A professora da Faculdade de Comunicação da Universidade Federal de Juiz de Fora (UFJF) Gabriela Borges diz que a “cultura do cancelamento” já é parte da dinâmica das redes sociais, que, se não são coniventes, ao menos estimulam o comportamento dos usuários. “Isso está relacionado aos algoritmos das próprias redes sociais e às bolhas sociais formadas. A gente vai formando a nossa opinião e moldando o nosso pensamento dentro desta bolha e em meio àqueles que concordam conosco. Por isso, o acirramento. Não se tolera mais o contraditório, não se tolera mais o diferente. É um modelo de negócio feito para formar grupos com interesses específicos. Assim, por exemplo, é mais fácil oferecer produtos _ tanto é que eu, por exemplo, falo sobre algo e rapidamente anúncios começam a aparecer pra mim.”

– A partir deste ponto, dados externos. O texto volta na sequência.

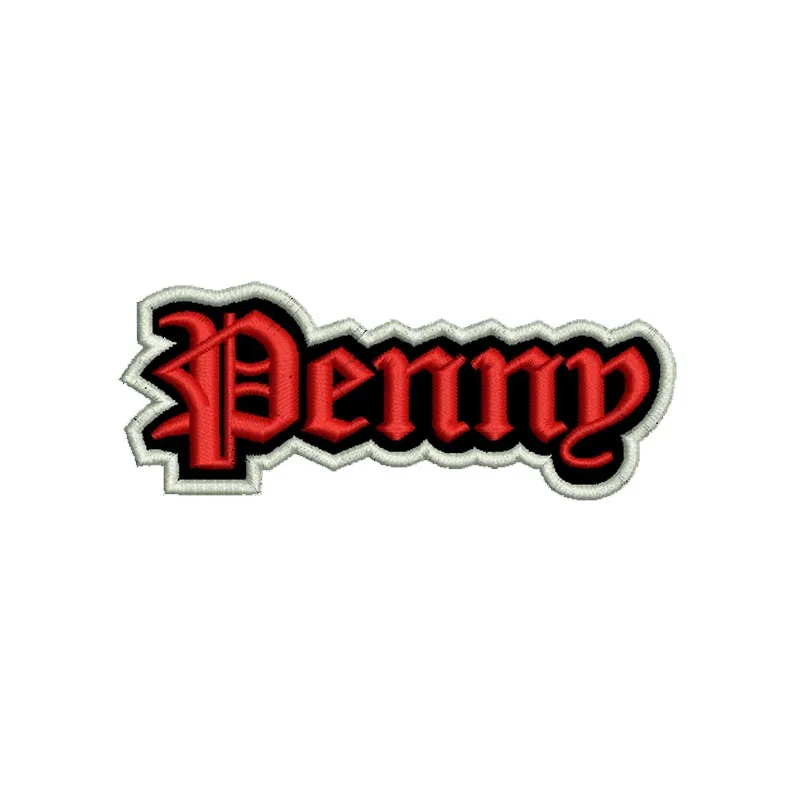 3 to 5 inches Wide Custom Embroidered Name  Motorcycle Badge iron on Patch Biker sewing Tag Vest Personalized for clothes bag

O Big Brother Brasil, por exemplo, detalha Gabriela, atende a um modelo conhecido como “social TV”, ou seja, a exibição de um programa televisivo para impactar as redes sociais. “Este modo de funcionamento leva a este tipo de reação ou funcionamento em termos do cancelamento. O Big Brother tem sido um produto da Globo que tem permitido a ela lidar com as redes sociais. Em outras áreas como a ficção, por exemplo, muitas vezes a Globo fala sozinha, ou seja, ela tenta uma comunicação com o público nas redes sociais e os fãs existem, se comunicam, mas à revelia do que a Globo fala e coloca. A forma de jogo do BBB permite que a interação seja feita de maneira mais bem sucedida pela Globo, o que reflete, obviamente, em lucros.”
Educação midiática
A professora da Faculdade de Comunicação da UFJF defende uma política pública por meio de currículos escolares direcionada à educação midiática. “Acho que, caso as pessoas tivessem acesso ao modo de construção de discursos e ao modo de operação das redes sociais já desde crianças e jovens, não só como conhecedores enquanto usuários, mas a partir de uma análise mais crítica, teriam uma outra visão da comunicação, do papel da mídia e até mesmo de como operar nessa mídia. No fundo, pretendemos juntar duas coisas: a aprendizagem informal, que já ocorre normalmente, e a aprendizagem formal.”